マンションの三つ目の老い
「マンションの管理の適正化の推進に関する法律」の第95条に規定する指定法人の指定を受けた「一般社団法人マンション管理業協会」は、平成13年8月14日に設立されました。そして協会設立から約30年後の「平成20年度中期事業計画」には、次のように書かれています。
「マンション住民の高齢化に対応した管理組合運営支援策を検討すると共に経年変化の進んだ建物の資産価値向上のために「標準長期修繕計画指導・コンサル制度」による適切な長期修繕計画の作成を促進し、より良質な維持管理等の実現を図り、今後加速する建物と居住者の「二つの老い」への対応策を実施する」とあり、昨今、この「二つの老い」が問題視され非常にクローズアップされています。

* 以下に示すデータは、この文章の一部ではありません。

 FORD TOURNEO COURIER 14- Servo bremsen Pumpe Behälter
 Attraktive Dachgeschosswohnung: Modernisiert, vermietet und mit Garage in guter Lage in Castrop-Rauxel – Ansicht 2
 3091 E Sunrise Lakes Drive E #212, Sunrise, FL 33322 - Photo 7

「一般社団法人マンション管理業協会」の山根理事長が今年の新春インタビューで、さらに「もう一つの老い」について言及しています。「もう一つの老い」とは、マンションの現場に携わっている管理員や清掃員、そして管理会社のフロントマンの高齢化で、山根理事長は、従来からの管理業のビジネスモデルが維持できなくなると懸念されています。管理組合と直に接しているフロントマンが若くて優秀であれば、役員の方も非常に安心されることも多いと思いますが、人材面におけるマンション管理業界自体の構造に問題があると考えます。人材面には、給与・昇給昇格制度、休日・休暇、福利厚生などがありますが、特に休日・休暇等の勤務体系だと思われます。フロントマンの方とお話しさせていただく機会が多々あり、休日取得について聞いてみますと、以前に比べるとかなり取得できるようになったとのことですが、それでもまだまだ改善の余地があると思います。この人材面の改善に取り込もうとされている業界、というよりも会社があります。それは、三越伊勢丹ホールディングスです。

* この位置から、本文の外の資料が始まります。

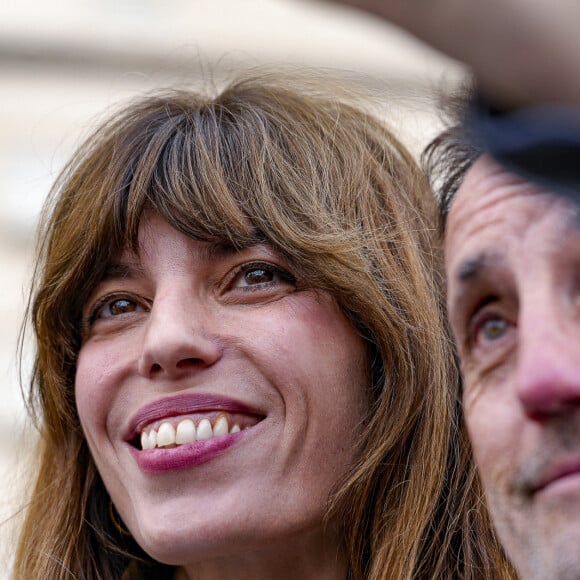 Lou Doillon présente le film Boxes réalisé par sa mère Jane Birkin lors du festival Lumière 2023 à Lyon le 22 octobre 2023. © Sandrine Thesillat / Panoramic / Bestimage 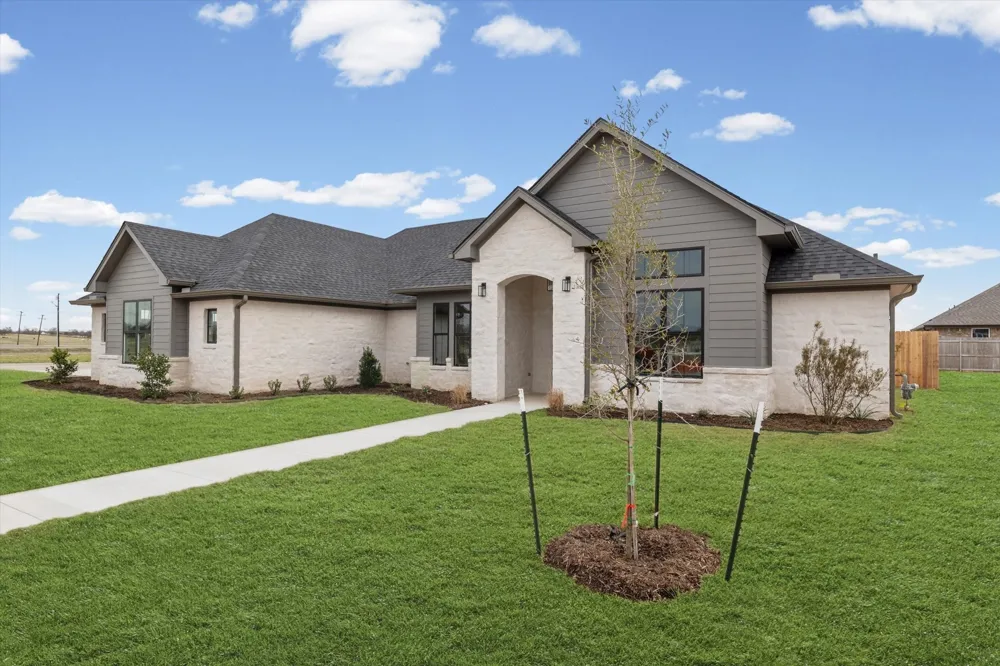 115 Cattail Court Robinson, TX 76706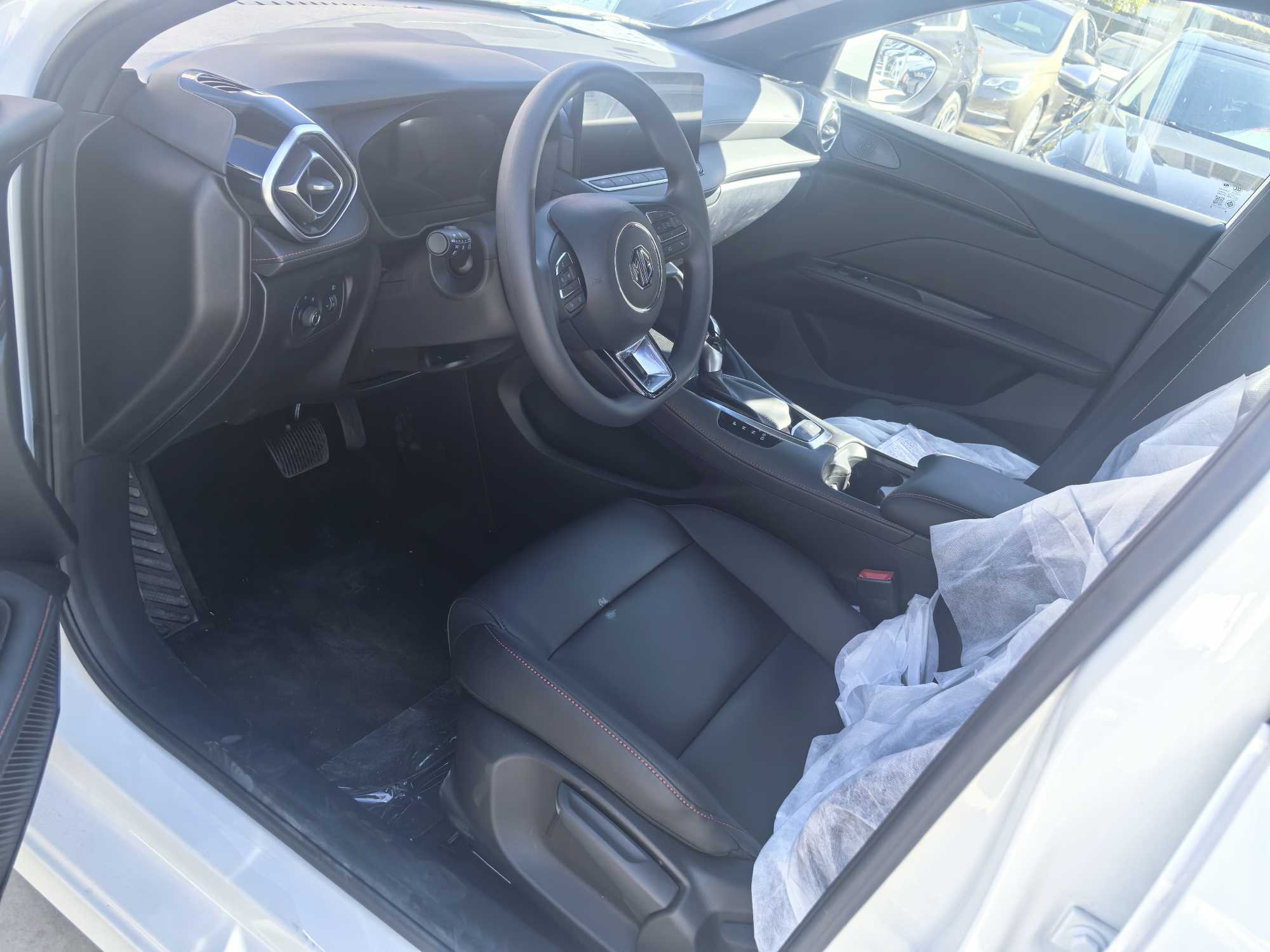 5 2026 #3 5 2026 immagine di auto #3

三越伊勢丹ホールディングスの大西社長が朝日新聞のインタビューで、「最高の状態で働いていれば、最高のおもてなしができる」との考えから、2018年から主要店舗で正月3が日を休業して、4日から営業することを検討すると答えています。私は以前百貨店業界に関わる仕事しておりましたので、1990年前後までは、百貨店ごとに定休日があったことを覚えています。たとえば、三越は月曜日、阪急や高島屋は水曜日、そして近鉄が木曜日です。また営業時間も、今と違って午後6時閉店でしたから、当時百貨店業界は花形の業界として就職の超人気企業で、優秀な人材が集まってきていました。しかし、閉店時間も午後7時に変更され、そして午後8時に、今や週末だけは午後9時に変更されて、定休日も撤廃されました。そして終には、一年で休みは正月の元旦のみとなりました。このような勤務形態の劣化から、次第に百貨店業界には優秀な人材が集まらなくなってしまい、そして売り上げも厳しくなるという悪循環が生まれてしまいました。その改善策として、残業は極力させないようなシフト勤務体系を確立させましたが、繁忙期になるとやはり休日も取得しにくく、残業もせざるを得ません。これが今の百貨店業界の現況だと思います。

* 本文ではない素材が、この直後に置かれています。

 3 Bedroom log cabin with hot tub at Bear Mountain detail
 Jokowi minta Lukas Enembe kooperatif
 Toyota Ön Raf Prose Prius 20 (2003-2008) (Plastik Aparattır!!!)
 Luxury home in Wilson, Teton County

今回の大西社長のインタビューの内容により、百貨店業界の人材面における構造改革が進み、「最高の状態」を作り出す勤務体系などができれば、業界自体にさらに優秀な人材が集まるようになり、社員が「最高の状態」で働けるようになるでしょう。そしてそれが、百貨店に買い物へ来られるお客さんに「最高のおもてなし」を提供できることになります。
マンション管理業界にとっても同様で、このことは喫緊の課題であり、道のりは遠いと思われますが、若くて優秀な人材が集まるようになり、フロントマン、管理員さんが「最高の状態」で、お客様である管理組合様に「最高のおもてなし」ができるようになるためにも、是非構造改革に着手していただきたいと思います。
そしてフロントマンの方が、管理組合運営のなかで、できる限り無駄な時間を削減できるようにサポートするのもマンション管理士の役割であると考えています。